As for the claim that agriculture encouraged the flowering of art by providing us with leisure time, modern hunter-gatherers have at least as much free time as do farmers. The whole emphasis on leisure time as a critical factor seems to me misguided. Gorillas have had ample free time to build their own Parthenon, had they wanted to. While post-agricultural technological advances did make new art forms possible and preservation of art easier, great paintings and sculptures were already being produced by hunter-gatherers 15,000 years ago, and were still being produced as recently as the last century by such hunter-gatherers as some Eskimos and the Indians of the Pacific Northwest.

Thus with the advent of agriculture and élite became better off, but most people became wors e off. Instead of swallowing the progressivist party line that we chose agriculture because it was good for us, we must ask how we got trapped by it despite its pitfalls.

One answer boils down to the adage "Might makes right." Farming could support many more people than hunting, albeit with a poorer quality of life. (Population densities of hunter-gatherers are rarely over on eperson per ten square miles, while farmers average 100 times that.) Partly, this is because a field planted entirely in edible crops lets one feed far more mouths than a forest with scattered edible plants. Partly, too, it's because nomadic hunter-gatherers have to keep their children spaced at four-year intervals by infanticide and other means, since a mother must carry her toddler until it's old enough to keep up with the adults. Because farm women don't have that burden, they can and often do bear a child every two years.

As population densities of hunter-gatherers slowly rose at the end of the ice ages, bands had to choose between feeding more mouths by taking the first steps toward agriculture, or else finding ways to limit growth. Some bands chose the former solution, unable to anticipate the evils of farming, and seduced by the transient abundance they enjoyed until population growth caught up with increased food production. Such bands outbred and then drove off or killed the bands that chose to remain hunter-gatherers, because a hundred malnourished farmers can still outfight one healthy hunter.
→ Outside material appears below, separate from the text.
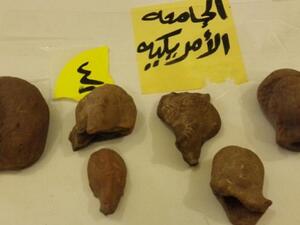 مجموعه من القطع الأثرية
It's not that hunter-gatherers abandonded their life style, but that those sensible enough not to abandon it were forced out of all areas except the ones farmers didn't want.

At this point it's instructive to recall the common complaint that archaeology is a luxury, concerned with the remote past, and offering no lessons for the present. Archaeologists studying the rise of farming have reconstructed a crucial stage at which we made the worst mistake in human history. Forced to choose between limiting population or trying to increase food production, we chose the latter and ended up with starvation, warfare, and tyranny.
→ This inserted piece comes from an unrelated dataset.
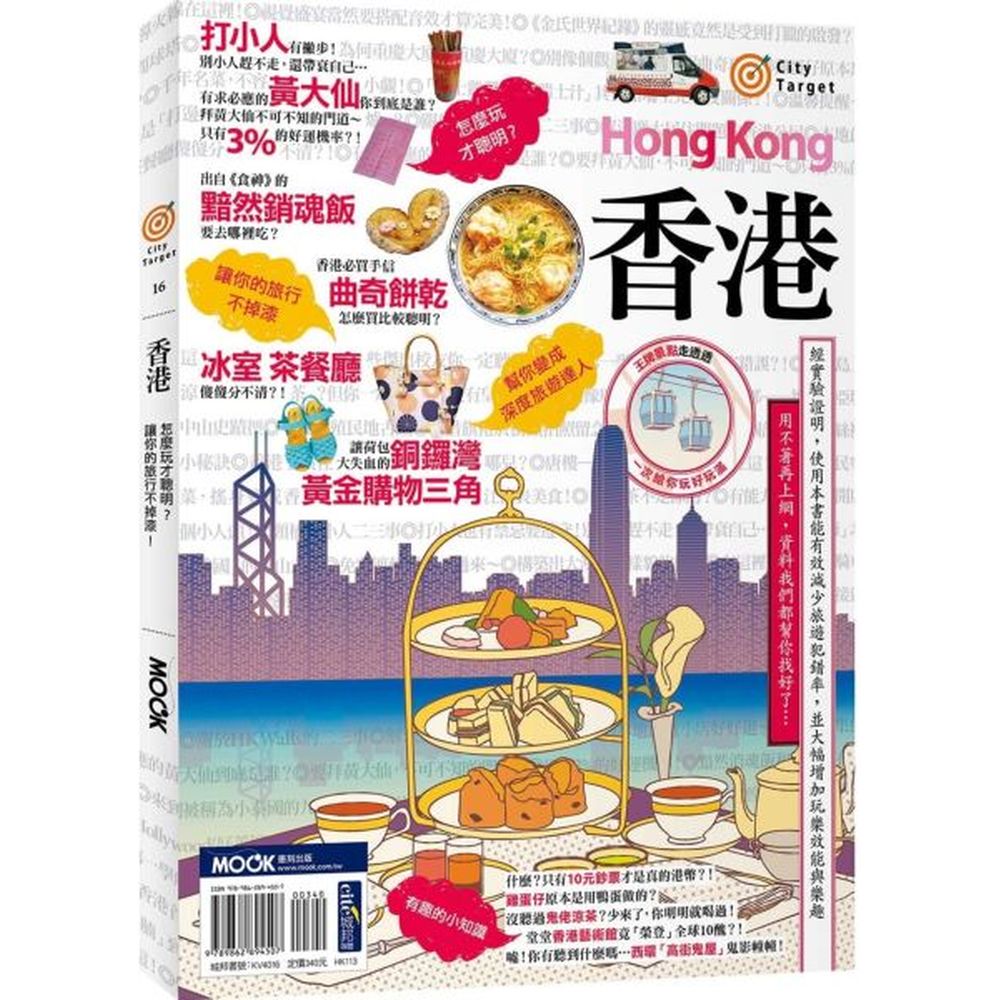 香港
Hunter-gatherers practiced the most successful and longest-lasting life style in human history. In contrast, we're still struggling with the mess into which agriculture has tumbled us, and it's unclear whether we can solve it. Suppose that an archaeologist who had visited from outer space were trying to explain human history to his fellow spacelings. He might illustrate the results of his digs by a 24-hour clock on which one hour represents 100,000 years of real past time. If the history of the human race began at midnight, then we would now be almost at the end of our first day. We lived as hunter-gatherers for nearly the whole of that day, from midnight through dawn, noon, and sunset. Finally, at 11:54 p. m. we adopted agriculture. As our second midnight approaches, will the plight of famine-stricken peasants gradually spread to engulf us all? Or will we somehow achieve those seductive blessings that we imagine behind agriculture's glittering façade, and that have so far eluded us?